And then once you've rolled, and then beyond that, as you described and we mentioned in our prepared statements, and we've been talking about for sometime, autoimmune disease is an area of great interest for these drugs and for us.
We need all that interfering in autoimmune disease with Rituxan and CD20 inhibitor has efficacy, it's approved in rheumatoid arthritis, it's used in other autoimmune diseases. So we think the proof-of-principle for B-cell depletion, B-cell intervention exist.
The [ph] anti-glyc treatment originally from human genome was approved in lupus again targeting the B-cell.
So would you know that the proof-of-concept exist that interfering with the B-cell can improve a number of autoimmune diseases, so we think that we can bring the same kind of combination approach into the treatment of autoimmune disease, and we think that will be the first time that anyone has really focused on rationally build combinations in those disease states..

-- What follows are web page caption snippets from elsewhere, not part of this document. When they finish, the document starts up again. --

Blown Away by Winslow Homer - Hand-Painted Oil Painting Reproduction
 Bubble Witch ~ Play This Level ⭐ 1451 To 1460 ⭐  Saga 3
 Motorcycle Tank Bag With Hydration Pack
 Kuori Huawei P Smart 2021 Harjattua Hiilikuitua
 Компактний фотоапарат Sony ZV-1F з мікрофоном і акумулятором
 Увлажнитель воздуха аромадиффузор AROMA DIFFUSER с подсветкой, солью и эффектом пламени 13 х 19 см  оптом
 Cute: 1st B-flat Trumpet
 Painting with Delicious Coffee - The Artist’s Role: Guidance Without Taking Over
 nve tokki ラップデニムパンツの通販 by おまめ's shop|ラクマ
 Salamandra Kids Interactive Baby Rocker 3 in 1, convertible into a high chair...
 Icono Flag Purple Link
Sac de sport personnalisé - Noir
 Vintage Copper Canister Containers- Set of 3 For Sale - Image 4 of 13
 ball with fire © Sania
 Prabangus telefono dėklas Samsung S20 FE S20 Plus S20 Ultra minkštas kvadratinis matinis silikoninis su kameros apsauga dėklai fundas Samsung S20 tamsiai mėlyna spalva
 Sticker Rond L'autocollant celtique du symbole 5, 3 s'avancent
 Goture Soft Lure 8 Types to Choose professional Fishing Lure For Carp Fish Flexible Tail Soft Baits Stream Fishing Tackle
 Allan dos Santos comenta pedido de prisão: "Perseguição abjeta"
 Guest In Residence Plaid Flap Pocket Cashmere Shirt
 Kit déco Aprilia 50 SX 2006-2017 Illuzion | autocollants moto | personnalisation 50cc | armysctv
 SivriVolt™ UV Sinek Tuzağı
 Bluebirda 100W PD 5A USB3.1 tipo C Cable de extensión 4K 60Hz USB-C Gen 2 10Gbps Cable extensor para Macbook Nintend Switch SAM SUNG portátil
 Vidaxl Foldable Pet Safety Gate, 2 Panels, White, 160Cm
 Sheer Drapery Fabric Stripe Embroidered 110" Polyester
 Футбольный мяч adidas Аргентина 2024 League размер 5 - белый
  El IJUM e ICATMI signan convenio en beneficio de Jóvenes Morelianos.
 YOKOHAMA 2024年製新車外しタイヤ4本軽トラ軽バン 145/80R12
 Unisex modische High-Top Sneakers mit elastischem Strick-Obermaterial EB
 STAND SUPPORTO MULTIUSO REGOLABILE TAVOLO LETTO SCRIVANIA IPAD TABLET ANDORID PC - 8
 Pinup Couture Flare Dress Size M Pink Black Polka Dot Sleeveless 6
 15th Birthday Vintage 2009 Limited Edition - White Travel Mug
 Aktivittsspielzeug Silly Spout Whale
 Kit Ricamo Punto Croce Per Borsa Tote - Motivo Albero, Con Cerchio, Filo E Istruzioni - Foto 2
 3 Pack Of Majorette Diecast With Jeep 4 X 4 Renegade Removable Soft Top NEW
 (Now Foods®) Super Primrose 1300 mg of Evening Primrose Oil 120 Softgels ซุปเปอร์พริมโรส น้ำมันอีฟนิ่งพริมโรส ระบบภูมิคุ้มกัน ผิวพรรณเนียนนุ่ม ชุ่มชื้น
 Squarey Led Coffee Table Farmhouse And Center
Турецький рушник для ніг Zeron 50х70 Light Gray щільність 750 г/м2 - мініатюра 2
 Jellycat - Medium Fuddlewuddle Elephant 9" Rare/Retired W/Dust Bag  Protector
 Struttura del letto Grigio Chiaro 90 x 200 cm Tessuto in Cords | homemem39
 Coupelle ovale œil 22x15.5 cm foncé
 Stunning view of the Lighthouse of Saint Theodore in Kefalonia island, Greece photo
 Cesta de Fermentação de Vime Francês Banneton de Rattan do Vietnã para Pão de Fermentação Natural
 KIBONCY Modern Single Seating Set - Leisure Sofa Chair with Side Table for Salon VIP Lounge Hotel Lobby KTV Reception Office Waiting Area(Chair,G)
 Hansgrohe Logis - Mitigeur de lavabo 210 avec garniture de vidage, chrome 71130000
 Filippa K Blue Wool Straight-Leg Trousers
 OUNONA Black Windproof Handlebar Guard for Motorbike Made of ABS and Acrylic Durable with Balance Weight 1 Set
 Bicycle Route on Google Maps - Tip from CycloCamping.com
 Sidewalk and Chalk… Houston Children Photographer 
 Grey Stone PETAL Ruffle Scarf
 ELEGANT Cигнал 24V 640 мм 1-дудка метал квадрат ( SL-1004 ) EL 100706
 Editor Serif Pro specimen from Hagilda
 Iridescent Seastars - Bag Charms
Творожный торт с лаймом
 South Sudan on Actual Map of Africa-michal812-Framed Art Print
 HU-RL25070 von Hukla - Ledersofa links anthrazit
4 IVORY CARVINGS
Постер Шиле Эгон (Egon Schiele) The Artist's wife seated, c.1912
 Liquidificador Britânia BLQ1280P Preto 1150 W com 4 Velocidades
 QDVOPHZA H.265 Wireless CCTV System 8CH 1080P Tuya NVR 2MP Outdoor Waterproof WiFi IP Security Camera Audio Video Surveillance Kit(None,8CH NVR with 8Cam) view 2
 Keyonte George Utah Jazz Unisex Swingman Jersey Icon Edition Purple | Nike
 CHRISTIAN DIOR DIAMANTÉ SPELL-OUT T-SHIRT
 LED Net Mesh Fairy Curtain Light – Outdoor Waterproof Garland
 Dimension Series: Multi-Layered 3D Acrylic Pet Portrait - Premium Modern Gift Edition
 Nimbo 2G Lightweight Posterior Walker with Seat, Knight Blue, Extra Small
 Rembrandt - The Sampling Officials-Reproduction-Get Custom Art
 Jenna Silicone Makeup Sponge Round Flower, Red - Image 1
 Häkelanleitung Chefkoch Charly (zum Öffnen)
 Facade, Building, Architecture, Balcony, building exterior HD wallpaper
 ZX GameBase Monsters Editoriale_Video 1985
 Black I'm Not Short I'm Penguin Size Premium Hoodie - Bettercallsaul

And I guess, is your strong cash position likely to accelerate that timeline at all or in terms of entering those patients?.
We have a pretty aggressive timeline to begin with. I don't know that we can accelerate it too much, but we want to make sure we deal it in a measured fashion; quickly, but measured.
So I think it simply gives us the financial flexibility to be comfortable in doing those activities that we need to do to, one, prepare for those trials, and as you conduct those trials without completing the resources that people turn around and get nervous about, where our cash is vis-à-vis our timelines on our approval studies..
Our next question today is coming from Joe Pantginis from ROTH Capital Partners..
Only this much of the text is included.